Y acá estamos nosotros hoy. Me dirán: ¿Qué podemos hacer nosotros? Ojalá pudiéramos influir sobre todos los padres y todas las autoridades, pero la verdad es que casi lo único que podemos hacer es tratar de cumplir con el rol que nos toca en la vida. Somos padres, entonces no miremos para el costado, asumamos la responsabilidad que tenemos. O sea, ejerzamos con autoridad y amor nuestro papel de padres. Autoridad no es, por cierto, autoritarismo. Autoridad paterna meramente significa que como padres estamos sobre nuestros hijos. Que tenemos el deber y el privilegio de sostenerlos materialmente pero también de apuntalarlos moralmente. Que en la sociedad que es el hogar, son los padres los que mandan, y no los hijos. Que la corrección (noten que no digo castigo) es uno de los elementos con que contamos para ayudar a nuestros hijos a crecer derechos y a vivir rectamente ahora y en el futuro. Que nuestra vida será un ejemplo para nuestros hijos, y a veces un ejemplo correctivo. Repito: autoridad ejercida con amor. Quizás la frase: “Padres, ¿qué prefieren? ¿UN HIJO ABURRIDO VIVO O UN HIJO DIVERTIDO MUERTO?” no sea totalmente exacta; porque estar vivo de aburrido no tiene nada, o divertirse no siempre es sinónimo de muerte.

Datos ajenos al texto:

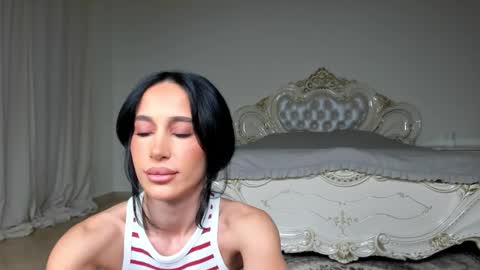 Snapshot of sincerelyc chatting on November 6, 8:43 pm C online show from November 6, 8:43 pm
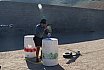 2025 1GUN World Championship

Simplemente con esta frase he tratado de poner delante de nosotros una realidad cada vez más frecuente y dolorosa. Finalmente, pensemos en esta noche. Esta noche van a morir unos cuantos jóvenes. Algunos de ellos morirán victimizados por lo “divertidos” que son el alcohol o las drogas. Esta noche en unos cuantos hogares quedarán padres aturdidos por el dolor de esas muertes que pudieron haberse evitado, que ellos podrían haber evitado. Esta noche algunos estarán de duelo, un duelo que tendrá mucho de absurdo porque se podría haber hecho algo para impedirlo, algo que no se hizo. Demos a nuestros hijos un sentido de la alegría de vivir. Que no pasa por un sí fácil a todo lo que nos piden, ni por una permisividad irracional, ni por una postura de padres cancheros, sino pasa por el ejercicio de una autoridad real y empapada de amor. Si tenemos la sana ambición de que ellos sean mejores que nosotros, de que logren buenas cosas en la vida, enseñémosles a vivir, no los dejemos morir.